Lettere a Sergio Romano, Corriere della Sera 09/04/2013, 9 aprile 2013
ENIGMI DELLA CRISI COREANA STRATEGIA DELLO STATO D’ASSEDIO
La Corea del Nord ha dichiarato lo stato di guerra con il Sud. Ogni giorno il governo di Pyongyang alza l’asticella con nuove provocazioni. È verosimile pensare che l’obbiettivo del Nord sia effettivamente una guerra (nucleare!) che lo vedrebbe inesorabilmente soccombere?
Isabella Coccolini
isacoccolini@hotmail.it
Kim Jong-un dichiara che stanno rafforzando «quantitativamente e qualitativamente» il loro arsenale nucleare. A parte la follia di chi continua a buttare soldi in armamenti lasciando che il popolo muoia letteralmente di fame e a parte il fatto che a Corea del Sud, Usa e Giappone non passa nemmeno per la testa di invadere la Corea del Nord, la mia domanda è: perché lo fanno?
Luigi Santafede
luigisantafede@yahoo.com
Cari lettori, in questa ennesima crisi coreana gli enigmi sono almeno due. Il primo concerne i piani militari del regime di Pyongyang. I soldati alle armi, immediatamente disponibili per il campo di battaglia, sono più di un milione, ma i loro armamenti sono complessivamente invecchiati ed è difficile immaginare che possano prevalere sulle forze congiunte, modernamente attrezzate, degli Stati Uniti e della Corea del Sud. Sulla consistenza della forza nucleare abbiamo notizie difficilmente verificabili, ma i migliori analisti escludono che i nordcoreani siano in grado di montare una testata atomica su missili di lunga e media gittata. Potrebbero colpire la Corea del Sud o una base degli Stati Uniti in Giappone, ma con il rischio di una devastante rappresaglia americana. Quale può essere il senso di una guerra provocata in queste circostanze?

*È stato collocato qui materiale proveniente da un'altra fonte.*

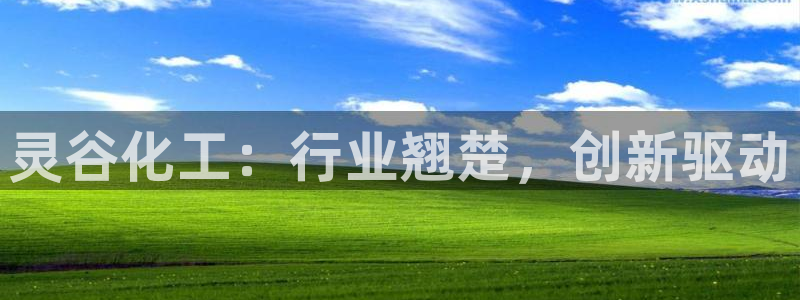 千亿球盟会乐玩：灵谷化工：行业翘楚，创新驱动
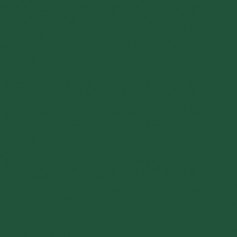 Sketchmarker Темный зеленый (SMG101, Dark Green)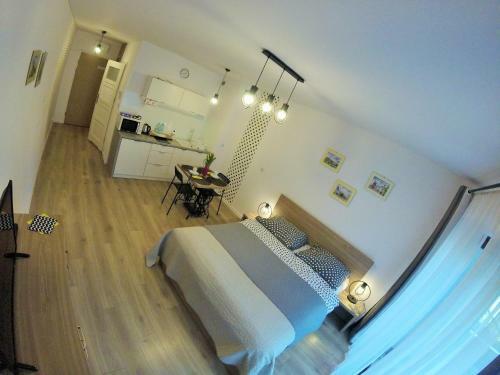 Polka Dot Cracow Apartament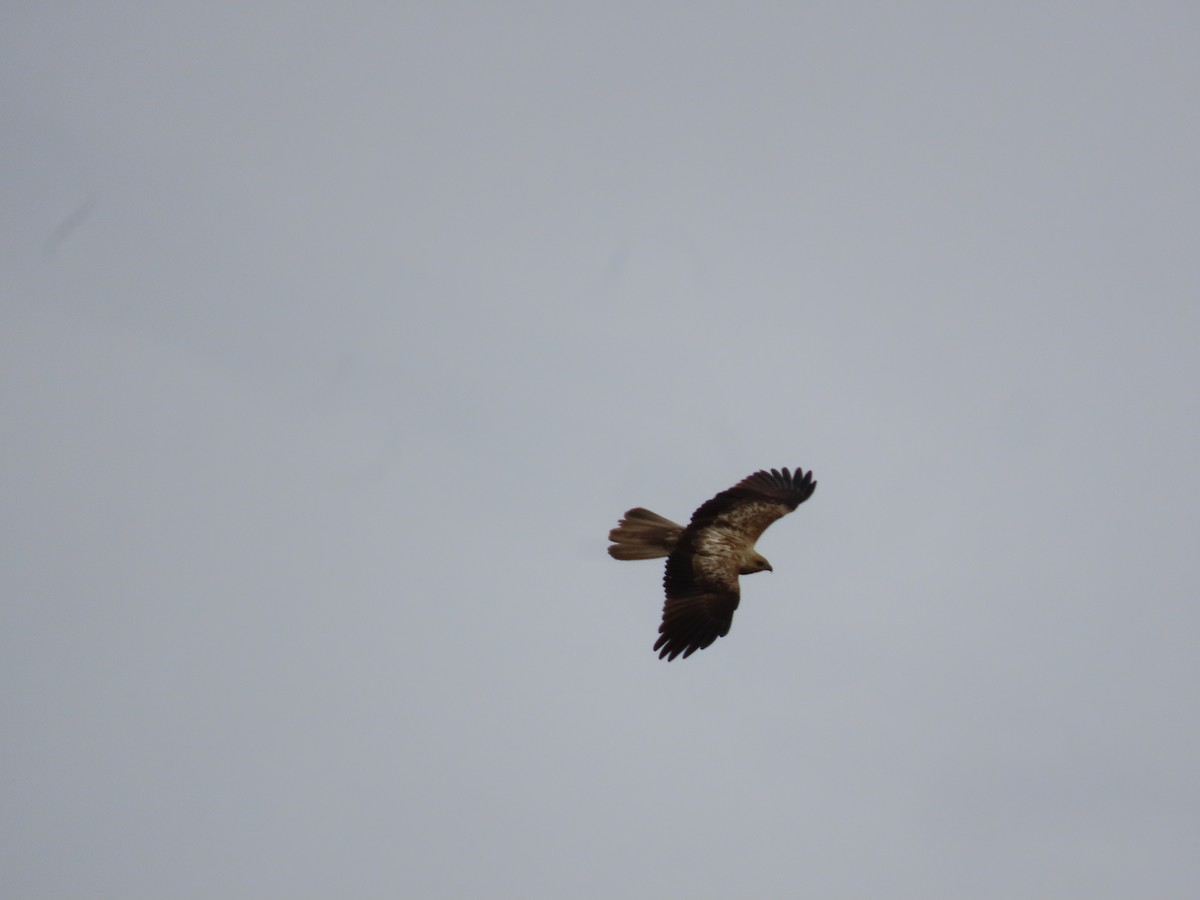 Whistling Kite - ML638934556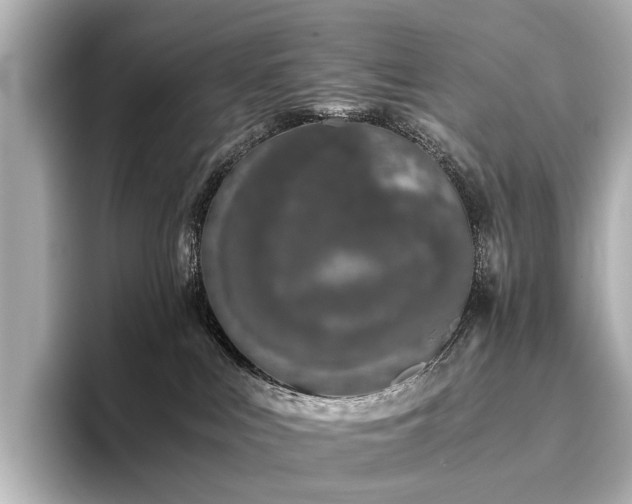 X0000096400043200801241209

Foreign Affairs, la migliore rivista americana di politica internazionale, ritiene che i nordcoreani abbiano una strategia simile, anche se su scala molto più modesta, a quella della Nato negli anni della Guerra fredda. I Paesi dell’Alleanza atlantica sapevano che l’Urss e i suoi satelliti disponevano di una schiacciante superiorità numerica, ma si servirono dell’arsenale nucleare americano e britannico come di un deterrente. Il messaggio lanciato a Mosca era chiaro: se ci attaccherete vi colpiremo con i nostri missili e con i nostri bombardieri. Allo stesso modo la Corea del Nord potrebbe essere pronta a usare contro i suoi nemici l’arma del ricatto nucleare: se cercherete di sopraffarci con le vostre armi convenzionali, saremo pronti a utilizzare contro di voi i nostri missili nucleari. Ma quali sarebbero le finalità politiche di una tale strategia? Perché provocare un conflitto di cui l’esito, nella migliore delle ipotesi, sarebbe un altro armistizio?

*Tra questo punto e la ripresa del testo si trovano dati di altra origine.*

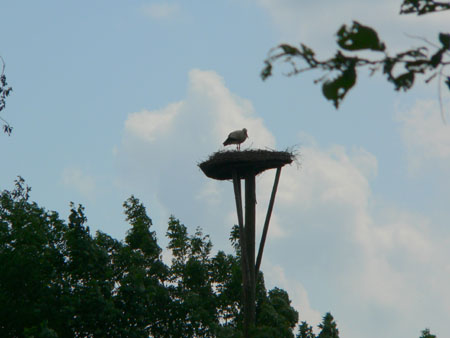 ooievaarsnest bij Zyfflich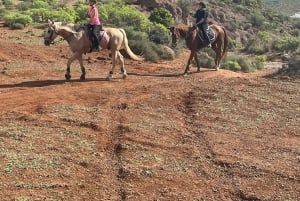 2 hours Green Mountains Horse Riding Tour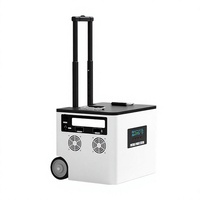 Batterie externe portable 220V pour l'extérieur, format valise, haute puissance, pour le voyage, le camping et les marchés nocturnes, stockage d'énergie dédié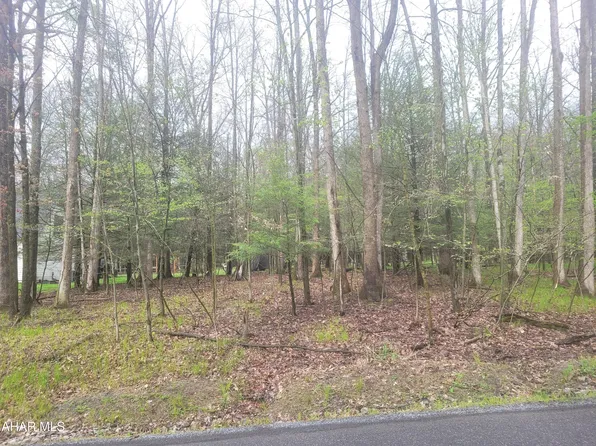 355 Troxell Spring Rd, Flinton, PA 16640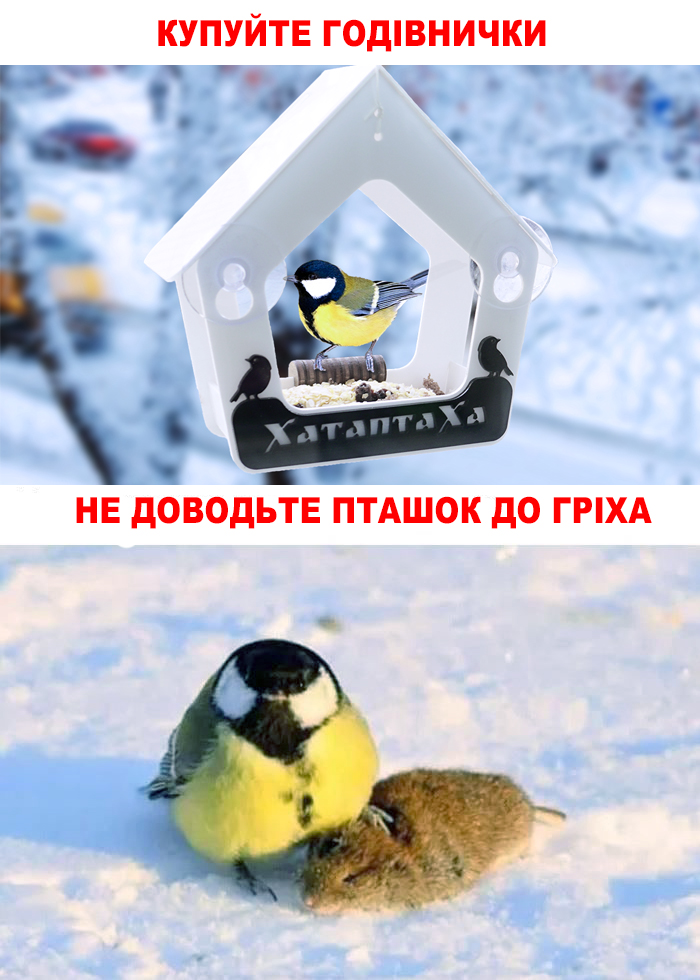 Синичка, годівничка для птахів купити Україна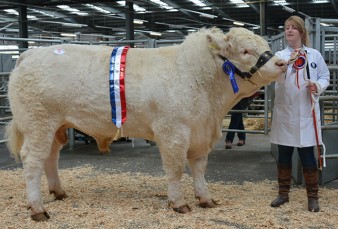 Champion Martland Justabout 4,000gns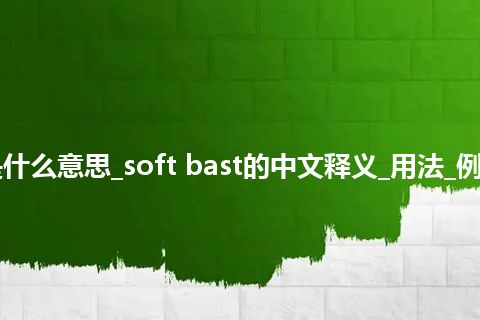 soft bast是什么意思_soft bast的中文释义_用法_例句_英语短语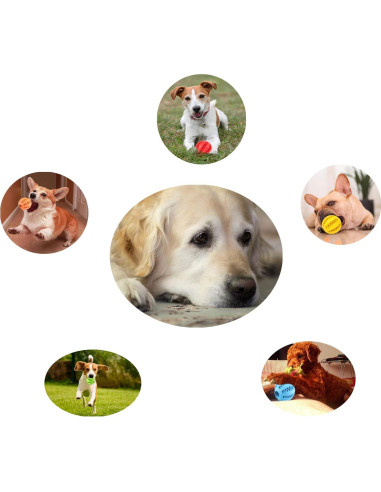 Pelota de Juguete para Perros Sunglow - Limpieza de Dientes 6cm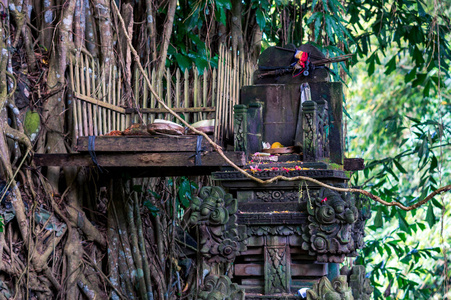 神圣的礼物神圣的祭坛,为巴厘神的礼物,由印度尼西亚圣榕树的藤本缠绕
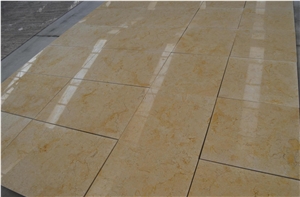 Sea Shell Limestone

Per decifrare questo secondo enigma abbiamo soltanto ipotesi. Kim Jong-un ha conquistato il potere per una sorta di diritto dinastico, ma non lo ha ancora consolidato creando intorno alla sua persona una fitta rete di alleati e clienti. È un dittatore, ma il regime è una oligarchia militare che potrebbe da un giorno all’altro scegliere un altro leader. Forse il miglior modo per controllare gli oligarchi è quello di creare periodicamente il sentimento dello stato d’assedio, della patria minacciata, del nemico alle porte. In altri tempi il padre e il nonno hanno adottato con successo la stessa strategia e il terzo Kim avrebbe deciso di imitarli.
Questa volta, tuttavia, la partita è più complicata. Mentre i due predecessori hanno potuto contare sul sostegno della Russia e della Cina, le provocazioni dell’ultimo Kim sembrano avere suscitato le critiche di Mosca e Pechino. Non sono certo tuttavia che questo giustifichi un certo ottimismo. I peggiori errori sono quelli che vengono commessi da chi si è bruciato i ponti alle spalle.